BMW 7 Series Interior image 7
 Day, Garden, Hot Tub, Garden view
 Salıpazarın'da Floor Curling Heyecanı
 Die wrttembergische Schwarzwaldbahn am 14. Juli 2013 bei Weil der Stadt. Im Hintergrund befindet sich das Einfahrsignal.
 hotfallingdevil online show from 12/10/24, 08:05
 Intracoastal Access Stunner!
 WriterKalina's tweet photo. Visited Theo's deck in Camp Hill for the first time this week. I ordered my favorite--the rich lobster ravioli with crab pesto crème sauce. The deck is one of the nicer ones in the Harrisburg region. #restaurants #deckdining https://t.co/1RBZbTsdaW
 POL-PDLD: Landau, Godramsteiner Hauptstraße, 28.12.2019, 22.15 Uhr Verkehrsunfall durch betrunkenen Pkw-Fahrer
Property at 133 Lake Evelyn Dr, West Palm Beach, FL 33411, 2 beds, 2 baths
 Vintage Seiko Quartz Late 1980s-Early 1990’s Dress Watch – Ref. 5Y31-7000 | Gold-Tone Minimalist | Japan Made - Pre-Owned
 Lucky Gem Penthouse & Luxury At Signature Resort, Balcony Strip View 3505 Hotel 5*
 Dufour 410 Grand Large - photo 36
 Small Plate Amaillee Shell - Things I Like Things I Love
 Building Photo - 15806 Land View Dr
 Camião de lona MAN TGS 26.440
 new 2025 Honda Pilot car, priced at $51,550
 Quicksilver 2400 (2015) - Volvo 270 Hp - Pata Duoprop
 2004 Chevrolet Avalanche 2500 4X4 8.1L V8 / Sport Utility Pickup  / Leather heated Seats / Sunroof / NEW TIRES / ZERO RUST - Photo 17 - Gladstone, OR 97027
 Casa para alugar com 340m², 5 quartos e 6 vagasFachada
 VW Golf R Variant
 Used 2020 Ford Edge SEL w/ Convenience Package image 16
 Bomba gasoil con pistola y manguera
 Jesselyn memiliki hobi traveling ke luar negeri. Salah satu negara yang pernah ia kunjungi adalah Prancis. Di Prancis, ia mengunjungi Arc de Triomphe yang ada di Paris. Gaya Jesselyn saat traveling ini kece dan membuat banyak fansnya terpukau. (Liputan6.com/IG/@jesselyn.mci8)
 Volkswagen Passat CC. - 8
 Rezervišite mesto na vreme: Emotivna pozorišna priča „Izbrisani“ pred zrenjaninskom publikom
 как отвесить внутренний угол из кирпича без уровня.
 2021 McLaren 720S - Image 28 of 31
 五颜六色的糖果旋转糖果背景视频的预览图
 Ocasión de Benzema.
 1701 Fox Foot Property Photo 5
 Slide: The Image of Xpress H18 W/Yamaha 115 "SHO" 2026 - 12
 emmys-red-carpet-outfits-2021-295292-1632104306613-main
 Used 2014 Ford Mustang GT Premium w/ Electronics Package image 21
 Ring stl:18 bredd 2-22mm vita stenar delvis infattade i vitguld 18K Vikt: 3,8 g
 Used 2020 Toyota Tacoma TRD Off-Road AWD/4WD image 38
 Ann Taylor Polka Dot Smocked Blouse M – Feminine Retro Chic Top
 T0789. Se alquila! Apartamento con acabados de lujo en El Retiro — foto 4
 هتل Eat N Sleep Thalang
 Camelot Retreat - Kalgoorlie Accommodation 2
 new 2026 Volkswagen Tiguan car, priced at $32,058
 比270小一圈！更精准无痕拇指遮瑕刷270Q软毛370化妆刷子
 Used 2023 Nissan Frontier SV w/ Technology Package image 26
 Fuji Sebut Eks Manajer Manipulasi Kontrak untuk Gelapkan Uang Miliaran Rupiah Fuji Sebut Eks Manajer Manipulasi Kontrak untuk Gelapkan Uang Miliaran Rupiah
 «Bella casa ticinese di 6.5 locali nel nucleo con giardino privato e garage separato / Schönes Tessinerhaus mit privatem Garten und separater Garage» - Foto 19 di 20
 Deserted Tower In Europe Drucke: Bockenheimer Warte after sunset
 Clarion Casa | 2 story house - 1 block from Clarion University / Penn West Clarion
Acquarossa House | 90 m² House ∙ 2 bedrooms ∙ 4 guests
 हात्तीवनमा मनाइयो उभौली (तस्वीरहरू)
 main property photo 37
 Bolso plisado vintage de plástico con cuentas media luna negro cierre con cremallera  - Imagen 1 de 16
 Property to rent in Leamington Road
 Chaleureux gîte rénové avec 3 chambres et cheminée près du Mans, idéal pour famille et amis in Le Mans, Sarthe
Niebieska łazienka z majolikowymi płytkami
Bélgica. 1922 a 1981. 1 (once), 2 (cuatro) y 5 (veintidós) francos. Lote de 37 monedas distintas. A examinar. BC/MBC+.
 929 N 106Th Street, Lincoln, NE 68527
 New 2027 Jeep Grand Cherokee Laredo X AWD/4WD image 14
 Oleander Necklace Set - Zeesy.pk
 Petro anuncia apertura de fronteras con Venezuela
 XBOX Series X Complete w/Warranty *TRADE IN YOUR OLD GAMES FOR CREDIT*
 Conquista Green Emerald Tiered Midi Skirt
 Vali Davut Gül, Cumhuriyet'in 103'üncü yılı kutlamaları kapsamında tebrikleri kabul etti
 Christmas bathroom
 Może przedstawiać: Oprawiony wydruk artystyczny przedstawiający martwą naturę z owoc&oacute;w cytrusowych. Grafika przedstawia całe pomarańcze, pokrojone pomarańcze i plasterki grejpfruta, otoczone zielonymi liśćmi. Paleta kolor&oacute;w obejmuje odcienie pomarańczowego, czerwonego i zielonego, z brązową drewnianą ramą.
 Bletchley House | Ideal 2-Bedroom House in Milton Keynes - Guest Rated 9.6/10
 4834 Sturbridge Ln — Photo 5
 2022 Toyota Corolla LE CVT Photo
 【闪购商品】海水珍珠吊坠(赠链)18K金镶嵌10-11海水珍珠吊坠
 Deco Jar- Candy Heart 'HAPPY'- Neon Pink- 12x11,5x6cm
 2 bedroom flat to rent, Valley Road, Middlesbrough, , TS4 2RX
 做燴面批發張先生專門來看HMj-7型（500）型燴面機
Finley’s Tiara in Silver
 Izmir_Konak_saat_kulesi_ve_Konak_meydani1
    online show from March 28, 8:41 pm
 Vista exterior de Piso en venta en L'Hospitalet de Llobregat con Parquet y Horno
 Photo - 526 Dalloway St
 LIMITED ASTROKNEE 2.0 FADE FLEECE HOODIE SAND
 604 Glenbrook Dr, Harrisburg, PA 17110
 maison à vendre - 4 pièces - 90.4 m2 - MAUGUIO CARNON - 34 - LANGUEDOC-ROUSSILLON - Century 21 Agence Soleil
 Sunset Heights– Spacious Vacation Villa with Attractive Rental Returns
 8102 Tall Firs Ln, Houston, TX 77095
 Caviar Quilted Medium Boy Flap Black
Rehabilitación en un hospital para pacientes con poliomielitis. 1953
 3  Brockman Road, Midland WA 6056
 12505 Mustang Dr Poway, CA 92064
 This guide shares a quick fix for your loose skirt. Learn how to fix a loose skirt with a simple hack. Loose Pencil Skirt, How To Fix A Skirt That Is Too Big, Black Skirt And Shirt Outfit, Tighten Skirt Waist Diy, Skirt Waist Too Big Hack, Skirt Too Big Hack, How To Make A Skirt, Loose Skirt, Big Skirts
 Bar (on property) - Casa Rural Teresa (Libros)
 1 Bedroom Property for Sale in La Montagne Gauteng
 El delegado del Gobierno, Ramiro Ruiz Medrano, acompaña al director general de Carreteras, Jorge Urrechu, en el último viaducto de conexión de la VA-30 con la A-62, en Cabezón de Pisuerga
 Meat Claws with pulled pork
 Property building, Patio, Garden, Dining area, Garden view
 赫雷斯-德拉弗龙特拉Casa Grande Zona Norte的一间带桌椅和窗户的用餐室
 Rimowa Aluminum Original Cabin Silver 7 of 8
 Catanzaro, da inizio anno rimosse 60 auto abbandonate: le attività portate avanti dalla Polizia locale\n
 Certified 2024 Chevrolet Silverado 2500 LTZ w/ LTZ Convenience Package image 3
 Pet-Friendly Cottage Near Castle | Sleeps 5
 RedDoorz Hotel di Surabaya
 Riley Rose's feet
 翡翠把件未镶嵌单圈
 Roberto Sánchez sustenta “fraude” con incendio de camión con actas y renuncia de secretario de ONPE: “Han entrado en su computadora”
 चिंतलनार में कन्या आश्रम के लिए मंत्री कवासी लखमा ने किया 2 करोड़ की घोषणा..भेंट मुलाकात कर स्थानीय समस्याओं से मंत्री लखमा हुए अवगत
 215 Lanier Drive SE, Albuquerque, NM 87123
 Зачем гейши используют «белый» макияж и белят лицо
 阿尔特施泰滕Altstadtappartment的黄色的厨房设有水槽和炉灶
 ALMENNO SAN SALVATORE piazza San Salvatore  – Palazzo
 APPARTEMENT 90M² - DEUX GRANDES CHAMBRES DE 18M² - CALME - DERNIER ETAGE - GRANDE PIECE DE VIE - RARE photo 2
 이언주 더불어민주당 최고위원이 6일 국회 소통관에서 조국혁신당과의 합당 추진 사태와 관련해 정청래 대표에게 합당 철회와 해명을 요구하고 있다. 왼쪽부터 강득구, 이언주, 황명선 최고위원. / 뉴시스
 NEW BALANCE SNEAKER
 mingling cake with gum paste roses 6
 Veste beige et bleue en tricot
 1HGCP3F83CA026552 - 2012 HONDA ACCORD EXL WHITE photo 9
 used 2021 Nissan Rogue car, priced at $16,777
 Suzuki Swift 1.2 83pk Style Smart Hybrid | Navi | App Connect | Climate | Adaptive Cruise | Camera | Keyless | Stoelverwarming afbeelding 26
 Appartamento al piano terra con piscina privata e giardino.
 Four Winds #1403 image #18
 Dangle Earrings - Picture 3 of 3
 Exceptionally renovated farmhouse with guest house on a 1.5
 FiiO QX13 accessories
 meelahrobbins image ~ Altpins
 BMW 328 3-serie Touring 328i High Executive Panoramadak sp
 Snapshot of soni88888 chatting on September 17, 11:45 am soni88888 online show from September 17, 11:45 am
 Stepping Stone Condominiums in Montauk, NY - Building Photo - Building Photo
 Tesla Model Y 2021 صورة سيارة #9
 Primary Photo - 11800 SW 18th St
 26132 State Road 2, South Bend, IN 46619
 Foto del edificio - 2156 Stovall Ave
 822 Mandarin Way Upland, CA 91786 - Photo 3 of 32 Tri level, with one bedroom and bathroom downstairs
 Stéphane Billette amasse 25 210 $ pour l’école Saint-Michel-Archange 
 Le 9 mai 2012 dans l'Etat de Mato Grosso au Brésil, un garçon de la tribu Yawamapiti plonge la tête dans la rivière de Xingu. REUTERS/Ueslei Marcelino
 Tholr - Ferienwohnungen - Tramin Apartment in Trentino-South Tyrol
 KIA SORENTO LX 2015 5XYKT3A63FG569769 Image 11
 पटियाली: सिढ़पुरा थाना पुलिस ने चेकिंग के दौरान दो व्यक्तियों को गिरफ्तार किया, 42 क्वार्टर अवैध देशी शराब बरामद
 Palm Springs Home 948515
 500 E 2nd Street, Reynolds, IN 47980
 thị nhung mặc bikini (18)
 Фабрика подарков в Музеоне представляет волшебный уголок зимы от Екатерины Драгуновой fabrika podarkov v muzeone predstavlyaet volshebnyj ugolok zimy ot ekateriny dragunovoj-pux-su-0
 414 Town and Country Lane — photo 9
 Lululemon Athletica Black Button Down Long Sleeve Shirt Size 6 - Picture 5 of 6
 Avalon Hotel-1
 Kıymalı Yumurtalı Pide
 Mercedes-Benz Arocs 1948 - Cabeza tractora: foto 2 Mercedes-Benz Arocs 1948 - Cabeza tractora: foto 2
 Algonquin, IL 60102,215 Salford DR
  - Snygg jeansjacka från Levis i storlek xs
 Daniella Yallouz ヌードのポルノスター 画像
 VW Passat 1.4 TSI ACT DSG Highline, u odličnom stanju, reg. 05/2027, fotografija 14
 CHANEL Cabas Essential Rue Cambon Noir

____________

WORK ITEM ▸
Every line of the material above that has the string "Convenience" needs pulling out.

PROBLEM SOLUTION ▸
 Used 2020 Ford Edge SEL w/ Convenience Package image 16
 Certified 2024 Chevrolet Silverado 2500 LTZ w/ LTZ Convenience Package image 3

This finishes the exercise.